El circo donde la intimidad es morbo

Siendo objetivos el programa tiene varios efectos y consecuencias en los telespectadores, tales como una formación pobre, en la que los ideales de vida se basan en una vida mediocre, donde trabajar, estudiar, formarse no es necesario. Bien se sabe que para vivir se necesita sustento y esfuerzo tanto económico, como laboral y emocional, todo lo contrario a lo que promueve un espectáculo donde las personas viven quitadas de la pena, haciendo el ridículo y divirtiéndose. La vida que muestra el programa es irreal y por lo tanto insustancial, pues no aporta nada en el crecimiento humano de las personas.

¿Qué es lo que tanto llama la atención en el programa? Sin querer juzgar a nadie, es fácil ver que los participantes son personas que han crecido bajo un ambiente no muy propicio para el desarrollo de los valores fundamentales ya que provienen de familias desintegradas, de ambientes extremos o actividades extravagantes. Lo importante es que tengan “algo” que llame la atención, no importa lo que sea y que estén dispuestos a todo, incluso a “desnudar su vida”; pero los encargados de los medios de comunicación saben que es mucha la necesidad de intimidad que tiene el ser humano y que cuando ésta es pobre en su propia vida, la busca en las vidas ajenas; así que, confiados están en que los espectadores no dudaran en ver tantas y tantas historias e intimidades plasmadas en una pantalla chica o grande.

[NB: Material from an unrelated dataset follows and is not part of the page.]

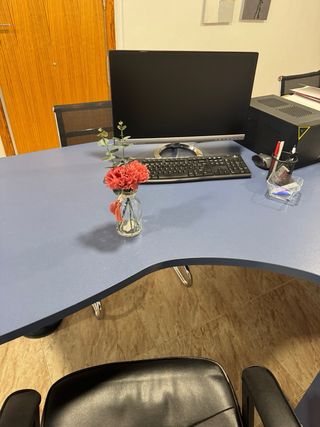 Mesa de oficina azul con cajonera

Evidentemente es una pena que lo más ínfimo del ser humano se ostente de tal manera: el sufrimiento, la tristeza, el llanto, el dolor, el enojo, las locuras, los resentimientos y más, se ha caído en lo más bajo y es un hecho deplorable por donde se vea desde las personas que se prestan a ello y desnudan su ser, las televisoras que hacen de la intimidad, de la vida y del horror humano un negocio y de aquellos que miran estos programas, pues en el fondo no hay nada que pueda enriquecerles, al contrario los hace seres triviales y vacíos.

La intimidad no sólo hay que tenerla como algo propio e intangible, sino que también hay que protegerla, hay que salvaguardarla. En otras palabras, la intimidad, para que sea respetada, hay que hacerla respetable. Nos encontramos ante  un problema moral y, si es verdad que la moral no puede ser impuesta por la Ley, también lo es que la vida del hombre público su moral privada forma parte de su personalidad, de su imagen, de su responsabilidad.